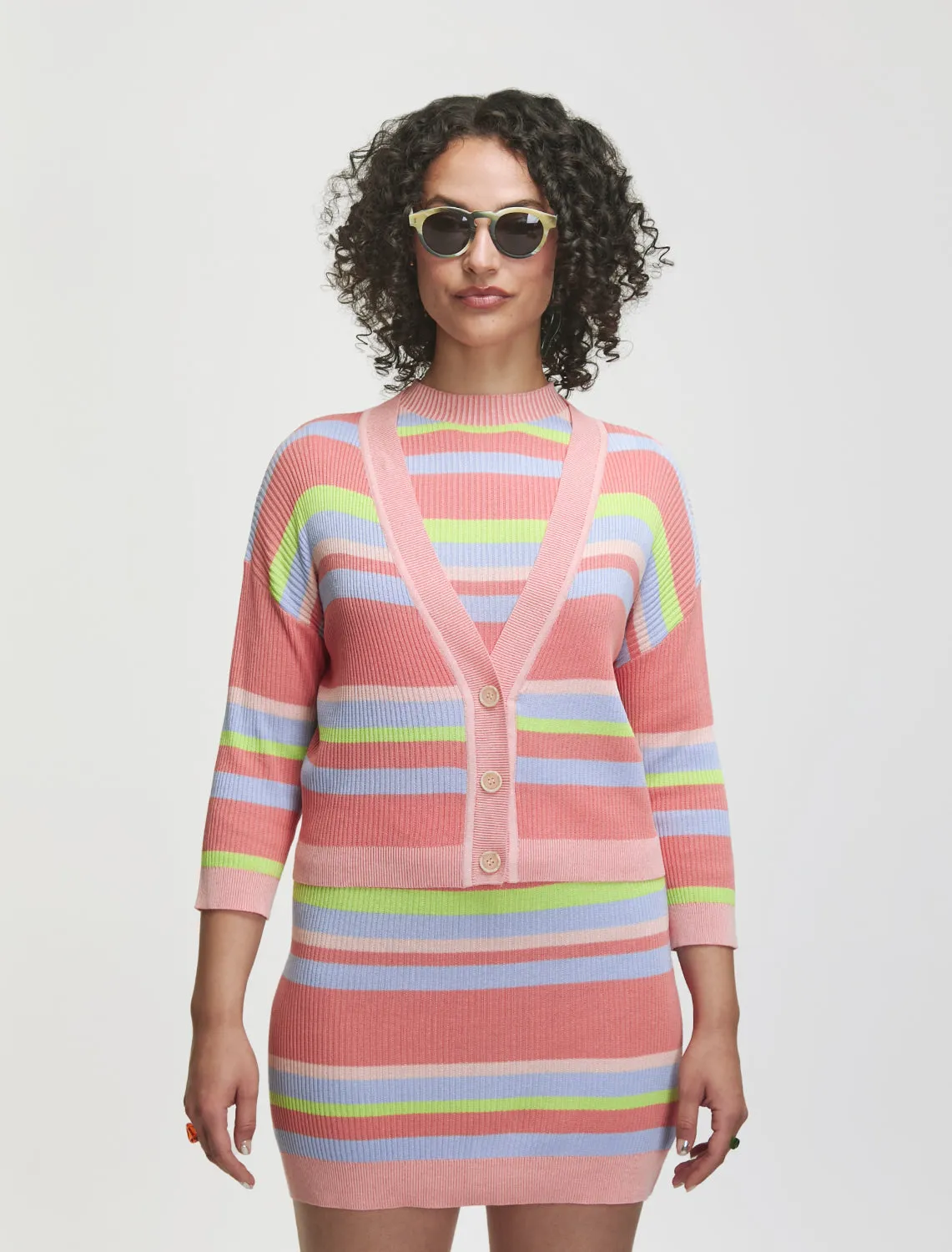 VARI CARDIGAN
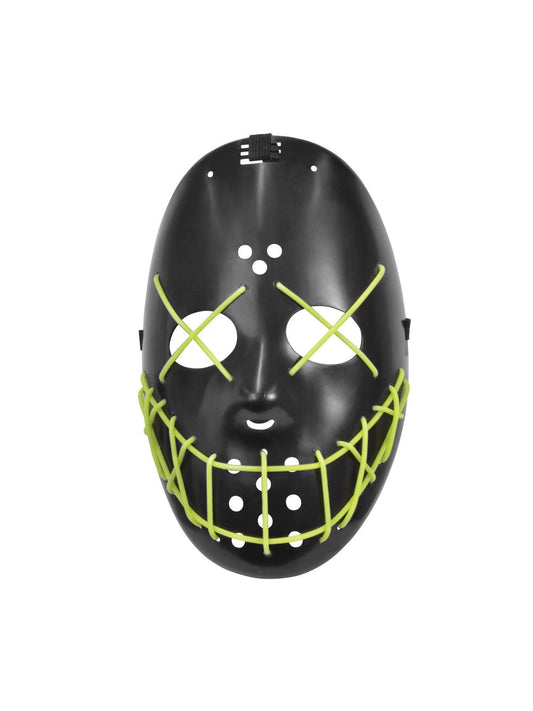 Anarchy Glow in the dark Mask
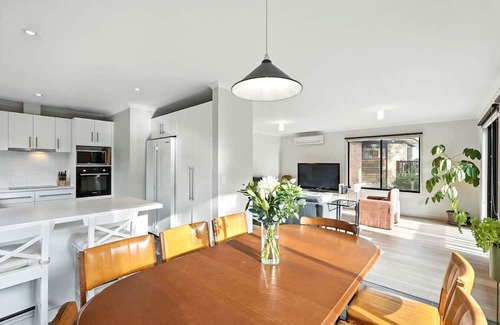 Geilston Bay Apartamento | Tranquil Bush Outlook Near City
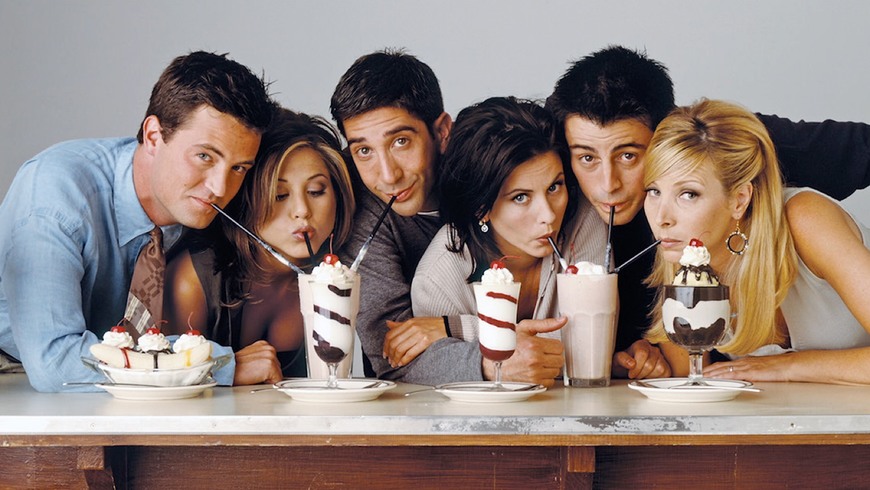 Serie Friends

+++++

WORK TO COMPLETE
The answer should contain every line of the material exactly as written and no pictures.

YOUR SOLUTION
 VARI CARDIGAN
 Anarchy Glow in the dark Mask
 Geilston Bay Apartamento | Tranquil Bush Outlook Near City
 Serie Friends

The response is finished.